Later I am driving home through the desert. It is late night, the highway is unbending and the Toyota thunders on through its tunnel of light, as part of me remains driving and the rest of me is overwhelmed by some in-pouring from outside. I am left breathless and shaky, clutching the steering wheel for support, as my brain tries to catch up with what has happened- a blessing from God... something far beyond my mind... intellect overwhelmed.
For three or four weeks I am somewhat manic. A visiting jackeroo says of me, "I knew someone like him in Darwin- he was on heroin!" In years to come I write down my dreams, mostly staying well within the bounds of intellect, sifting, thinking, critiquing. Looking for more, I am trying to meditate. This master says to look at the images, rather than try and empty the mind.... and so the fish slams onto the bench in front of me where there is no bench. My head jolts back as though I am slapped in the face. Fear of a raw, unexpected reality surges through me. This is no dream... I never have that experience again, and I am not sure I am sorry. I sense a place I should stay out of- or at least, not open myself to.

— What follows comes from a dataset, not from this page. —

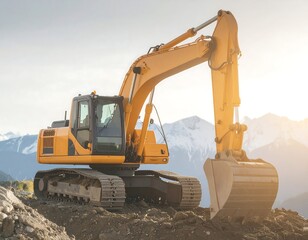 Excavator Operating in Remote Mountain Area – Earthmoving in Nature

And so the constant struggle between intellect, and somehow just being, has continued. Forever we wish to find deeper meaning, to have satisfaction. And forever the western intellect is in the way, clamping down on any letting-go, crushing any freedom. Karen Armstrong says of the seers of the Axial age "First of all, they all insisted that you must give up and abandon your ego. The sages said the root cause of suffering lay in our desperate concern with self, which often needs to destroy others in order to preserve itself. And so they insisted that if we stepped outside the ego, then we would encounter what we call Brahman or God, Nirvana or the Tao." Site live 31/12/2006
But I am proud of my ego and self control. I keep a clear head as others panic around me. I am awake to the charlatans and the spiritually dangerous, who prowl our spiritually illiterate society. With intellect and reason, I have fought my way around and through the fundamentalism of religion. I have avoided the foolish physicalist and ''scientific" fundamentalisms of Dawkins and others. With self control I have avoided much of the excess of our society.
Yet l am happiest when I am engrossed in a task , when my-self is forgotten and focused somewhere else, and I am not thinking of me and staying in control. This little ekstasis, this little stepping outside of myself, is a sign, a hint of that which I long for, and yet some how fear.
Peter Russell writes of the pure consciousness which sits below the noisiness of our ego:
Indian teachings call this state samadhi, meaning "still mind." They identify it as a fundamentally different state of consciousness from the three major states we normally experience-waking, dreaming, and deep sleep. In waking consciousness we are aware of the world perceived by the senses. In dreaming we are aware of worlds conjured by the imagination. In deep sleep there is no awareness, neither of outer world nor inner world. In samadhi there is awareness, one is wide awake, but now there is no object of awareness. It is pure consciousness-consciousness before it takes on the various forms and qualities of a particular experience. From his book From Science to God... my eBook copy does not have standard page numbers.
Why would we want this?
When the mind is devoid of all content, you not only find absolute serenity and peace, you also discover the true nature of the self. Usually we derive our sense of self from the various things that mark us out as individuals-our bodies and their appearance, our history, our nationality, the roles we play, our work, our social and financial status, what we own, what others think of us, and so on. We also derive an identity from the thoughts and feelings we have, from our beliefs and values, from our creative and intellectual abilities, from our character and personality. These, and many other aspects of our lives, contribute to our sense of who we are. Such an identity is, however, forever at the mercy of events, forever vulnerable, and forever in need of protection and support. If anything on which our identity depends changes, or threatens to change, our very sense of self is threatened....... From his book From Science to God... my eBook copy does not have standard page numbers.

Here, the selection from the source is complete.